Ha ha, very funny everyone. Thanks for all your "help". I guess you can't tell when I'm being serious and when I'm not!


----------



## vincev (Sep 21, 2019)

Boris said:


> Ha ha, very funny everyone. Thanks for all your "help". I guess you can't tell when I'm being serious and when I'm not!



You're right Boris and I apologize for making fun of a thread that was posted so you could get info on BMX needs.I do know riders used to wear breast plates when doing motocross to prevent chest injuries.Here is a picture of a breast plate you should obtain when you compete.


----------



## Boris (Sep 21, 2019)

I don't believe I've ever seen any type of horn used when people are BMXing.
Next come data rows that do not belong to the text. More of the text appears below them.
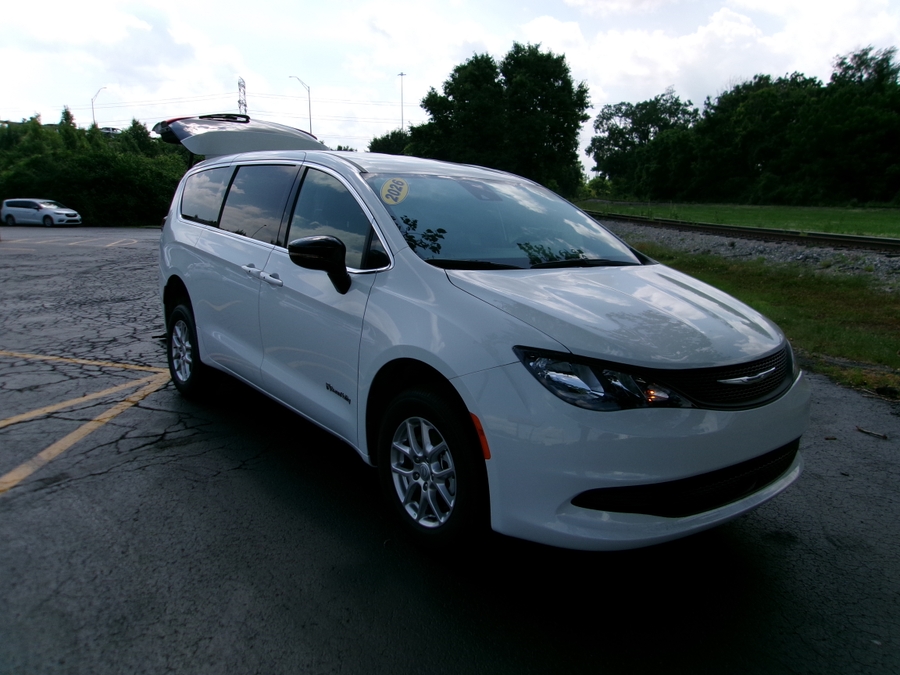 White Chrysler Voyager image number 24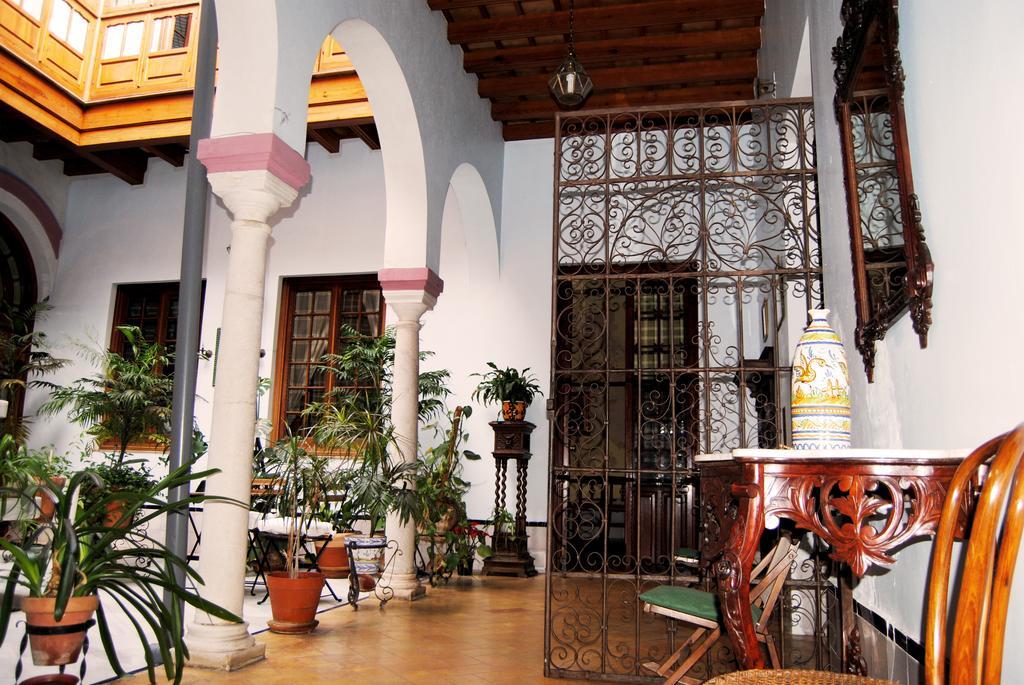 Casa Palacio Siglo Xviii Séjour chez l'habitant Séville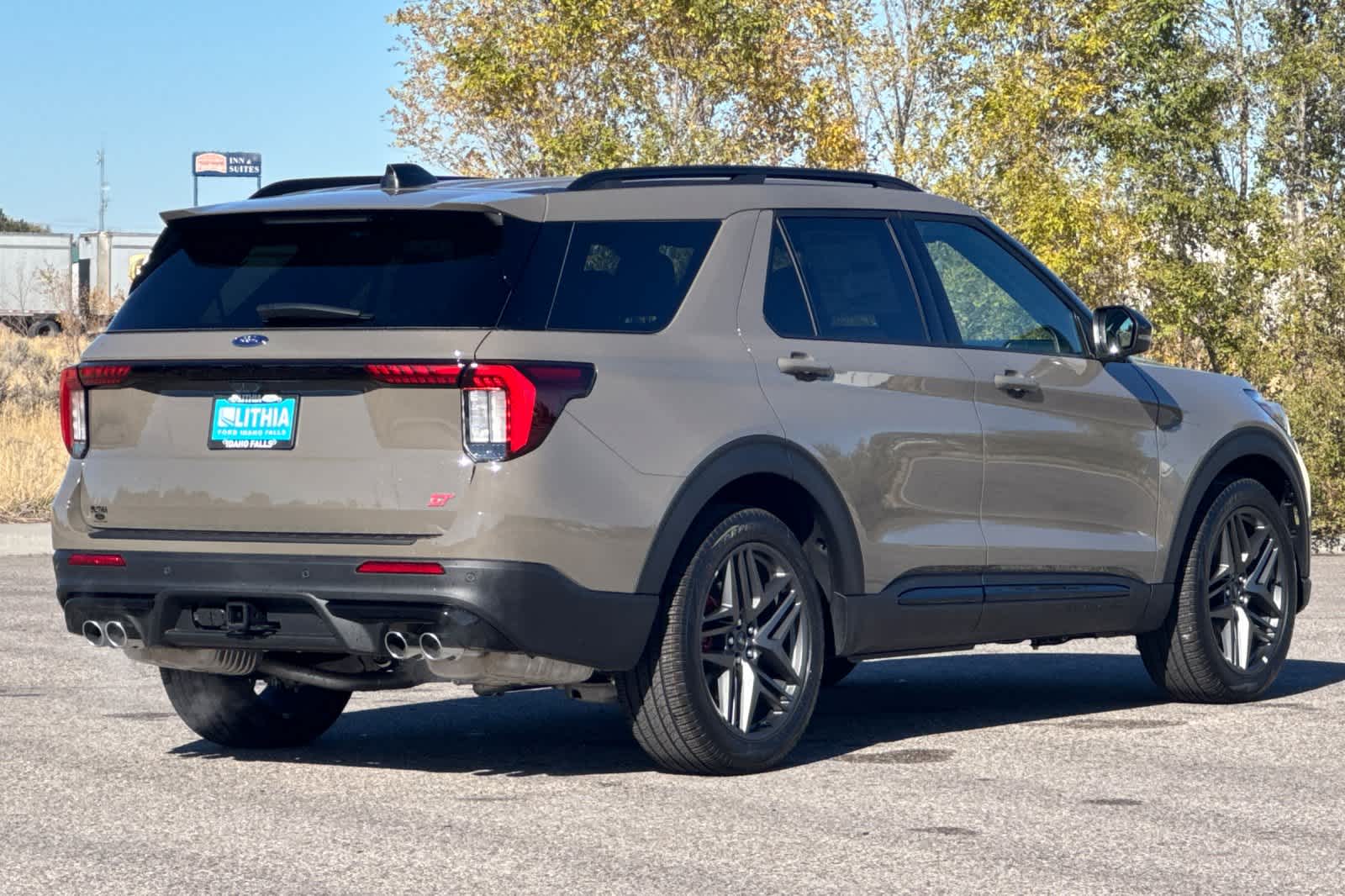 2026 Ford Explorer ST photo 2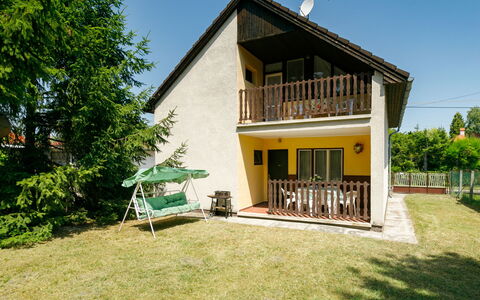 Rallye: Cielo, Costruzione, Pianta, Proprietà, Portico, Finestra, Albero, Casa, Shade, Lotto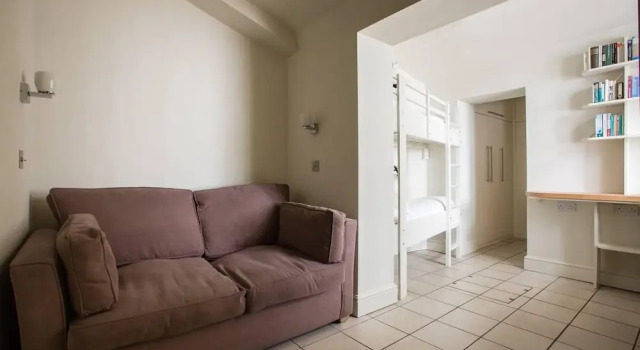 Spacious 2BR Flat in Kensington, Забронировать Отель Отели Англии 3 звезды, 3*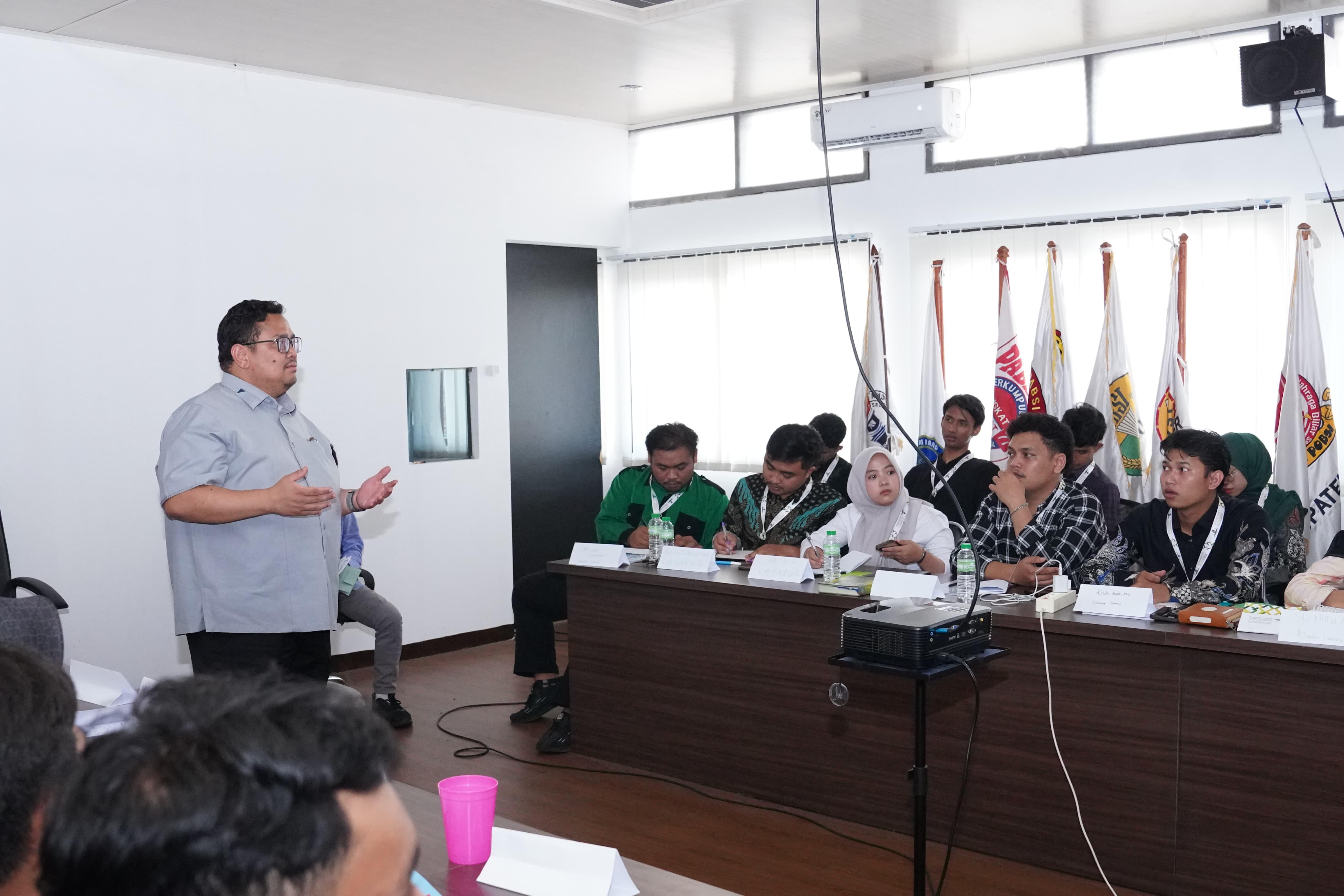 Cianjur, Badan Pengawas Pemilihan Umum – Ketua Bawaslu Rahmat Bagja menegaskan bahwa praktik politik uang merupakan ancaman serius bagi demokrasi dan secara tegas dilarang dalam pemilu. Hal tersebut dikatakan Bagja saat menjadi narasumber dalam kegiatan Latihan Kader (LK) Himpunan Mahasiswa Islam (HMI) di Cianjur, Jawa Barat, Selasa (12/5/2026).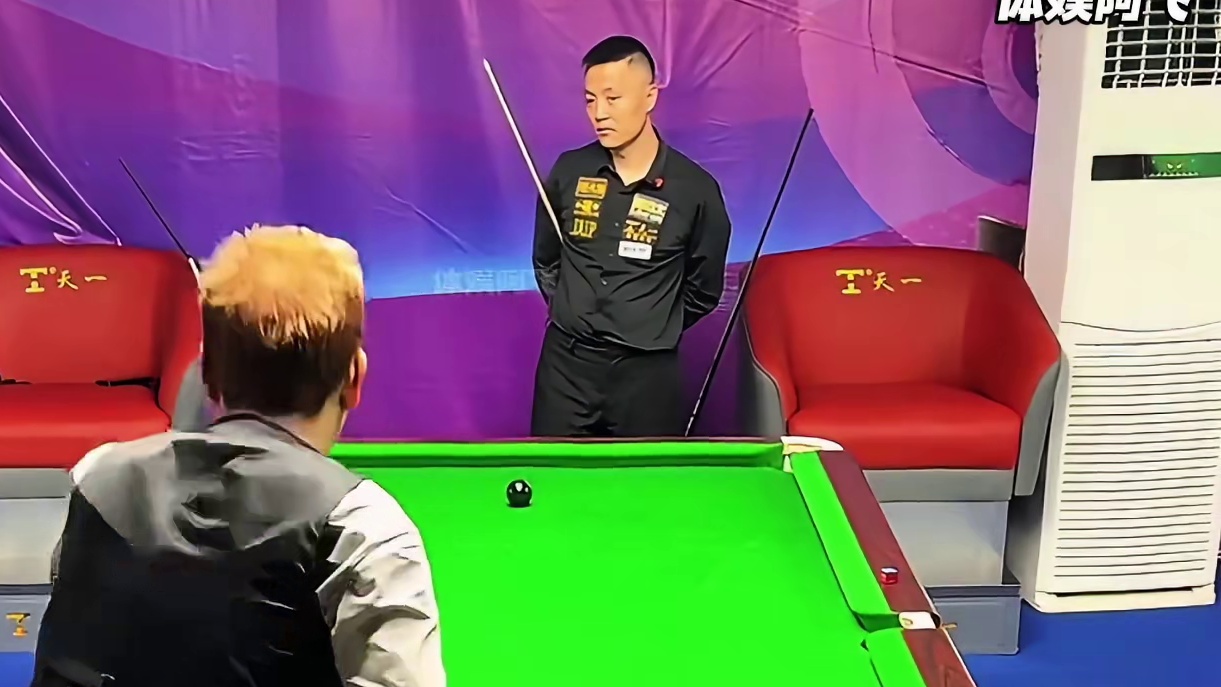 刘屹骑做梦也想不到，球竟然会自己意外消失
Why not? I think it would be a good idea to let other BMXers know that you're behind them and would like to pass. Also, do they make any 10 speed BMX's with skinny tires?


----------



## OldSkipTooth (Sep 21, 2019)

Boris said:


> I don't believe I've ever seen any type of horn used when people are BMXing. Why not? I think it would be a good idea to let other BMXers know that you're behind them and would like to pass. Also, do they make any 10 speed BMX's with skinny tires?



Yes, they make a ten speed BMX bike with skinny tires, it’s called a cyclo cross bike, a very muddy winter bike sport, loads of fun!


----------



## Boris (Sep 21, 2019)

OldSkipTooth said:


> Yes, they make a ten speed BMX bike with skinny tires, it’s called a cyclo cross bike, a very muddy winter bike sport, loads of fun!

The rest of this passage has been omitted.